EXERCISE DIRECTIONS:
From the records that follow, return exactly the lines beginning at the one that contains "Fototapeta premium Car" and ending at the one that contains "Ramona in her", pictures left out.

DATA TO EXAMINE:
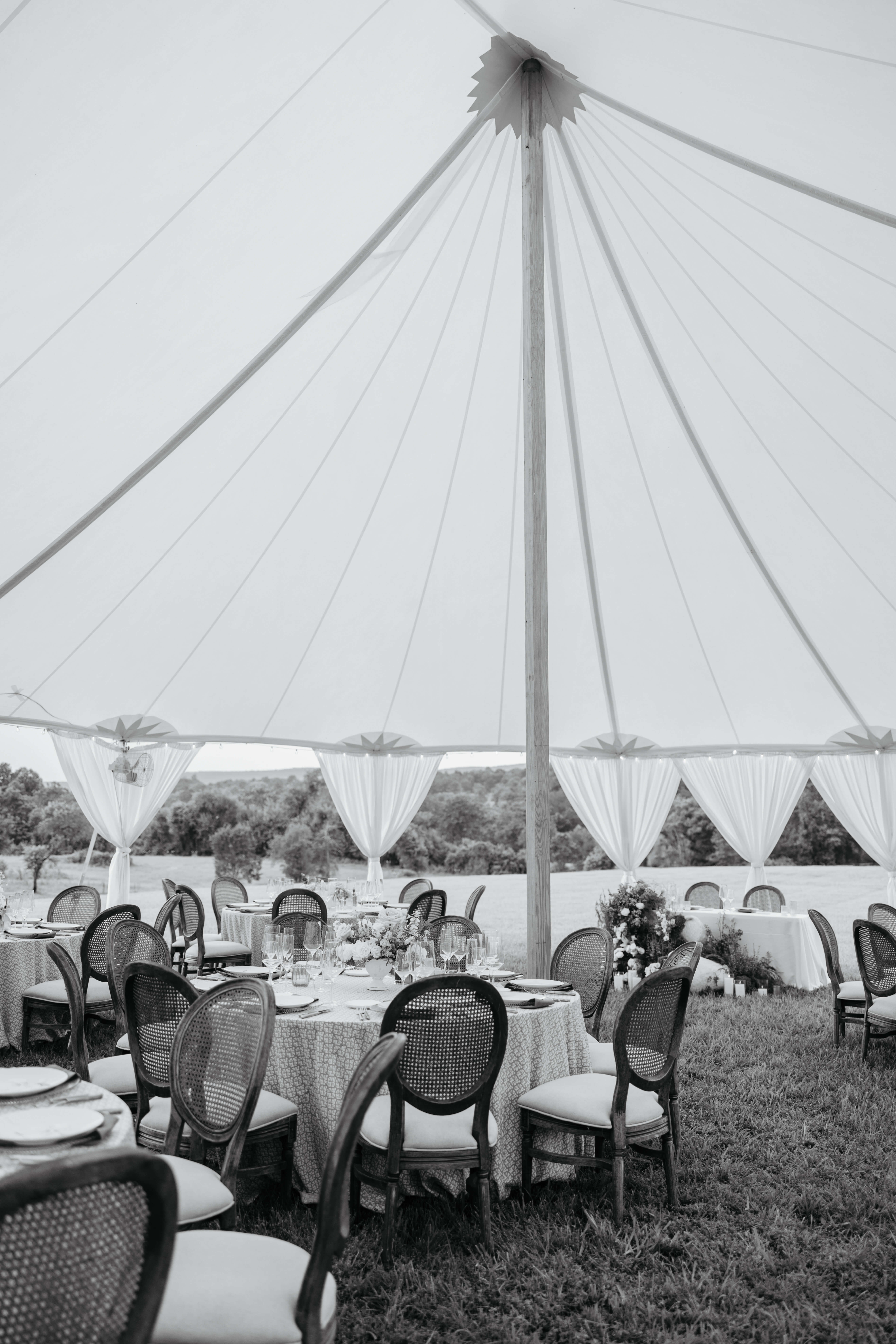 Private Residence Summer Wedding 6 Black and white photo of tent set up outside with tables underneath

--

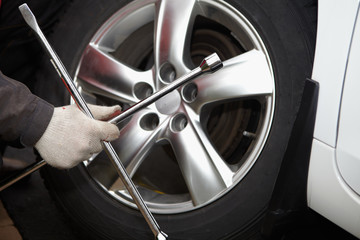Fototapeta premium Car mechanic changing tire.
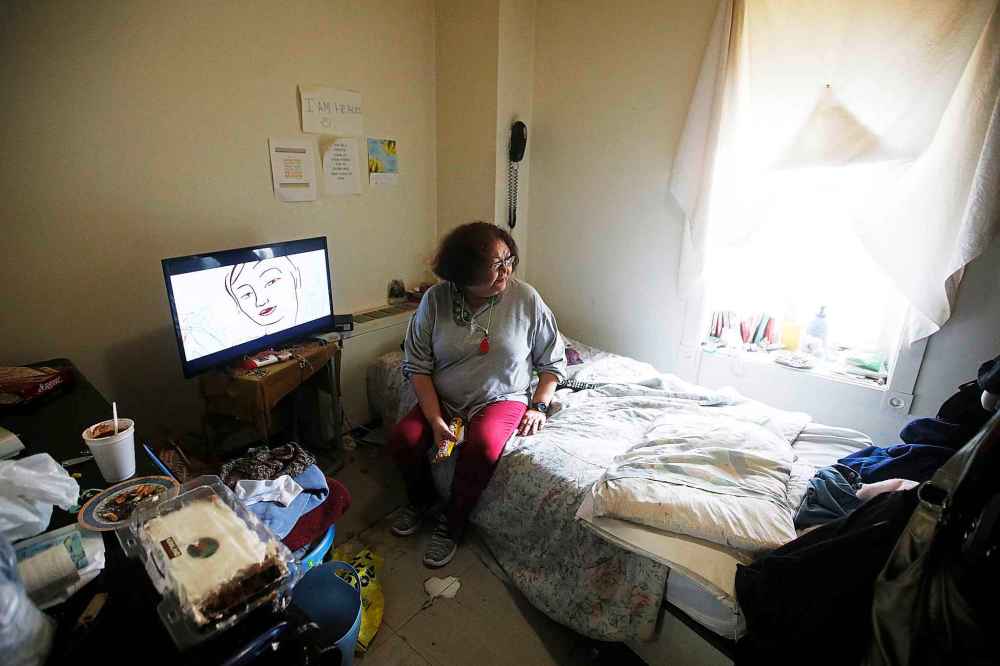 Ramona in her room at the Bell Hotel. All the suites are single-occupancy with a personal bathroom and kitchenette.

---

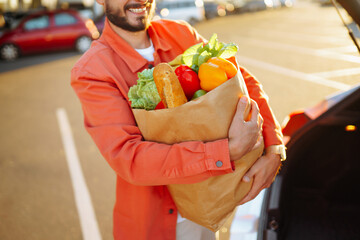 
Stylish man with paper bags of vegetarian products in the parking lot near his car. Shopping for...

TASK ANSWER:
Fototapeta premium Car mechanic changing tire.
 Ramona in her room at the Bell Hotel. All the suites are single-occupancy with a personal bathroom and kitchenette.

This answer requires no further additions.